The teachers are just as competitive. They receive prizes for every
record they break.
As I hand out
their certificates and congratulate the A-level students who did
exceptionally well in both the Cambridge and Zimbabwe school examinations,
I ask where they are headed, and what they will read.
"I will
do medicine in South Africa," says one.
"I am off
to York University in Canada," says another.
They want to
study medicine and accountancy, law and engineering, architecture
and actuarial science.
"If I can't
go anywhere else," the former head girl, Nancy Kachingwe, tells
me, "Then it will have to be the University of Zimbabwe.'
Zimbabwe's Prime
Minister, Morgan Tsvangirai, likes to say that the real scope of
the tragedy of Mugabe's most recent years in power is that he has
destroyed not only what he inherited at independence, but also what
he built himself.
My journey around
my childhood confirms that, far from being an enabler and builder,
the government has actually been an inhibitor and destroyer. The
successful schools are those where government interference is felt
the least, private schools that, untainted by government control,
have managed to thrive.
Even in the
government schools, though, all is not quite lost.
Individuals
have managed to make a difference, even against the odds; ordinary
people like the headmaster and teachers at Kundai; the engaged parents
in the SDA at Chembira. Even Alfred Beit, which fell the furthest
of my previous schools, has barely hung on because parents have
agreed to pay more fees than government demands.
It is hard to
shake the sense I got that money has replaced race in Zimbabwe.
In Rhodesia, race determined whether a child was guaranteed a good
education. In post-crisis Zimbabwe, it is now class that is the
determinant.

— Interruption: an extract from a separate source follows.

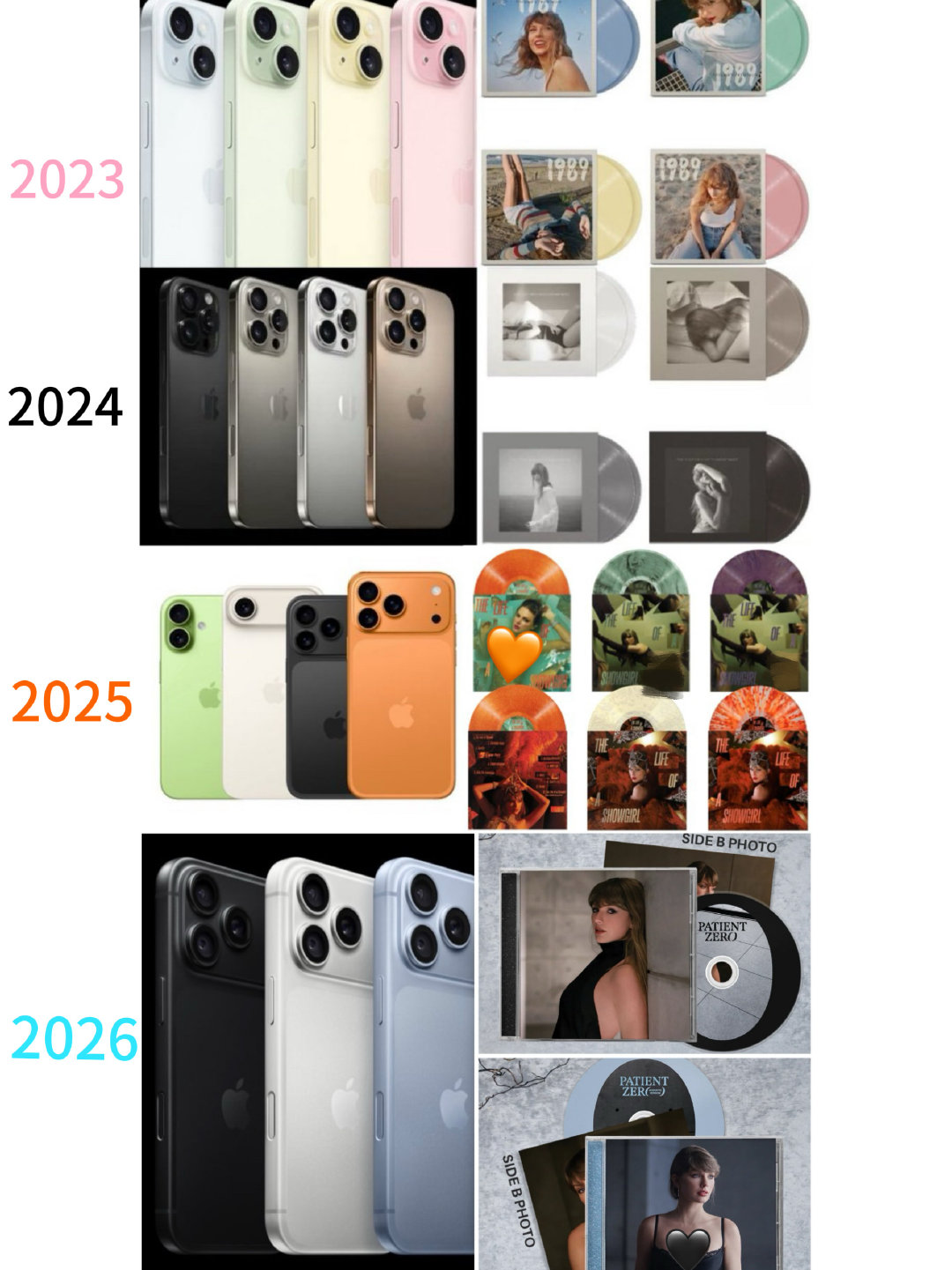 Taylor Swift的iphone宇宙还在无限扩张中… ​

It is the ability of the parents to pay that determines
whether their children get a good education.
A Zimbabwean
PhD student has written a thesis that argues that this generation
of children will be less literate than their parents, a terrifying
possibility that brings with it the specter of social upheavals
to come.
In one respect,
the Zimbabwe of my education is the same Zimbabwe today.
It is a country
filled with children who manage to find happiness in difficult circumstances,
who make toys out of bricks, who study in the light of candles,
and who are filled with imaginations and ambitions that are bigger
than the collapse of their failed state.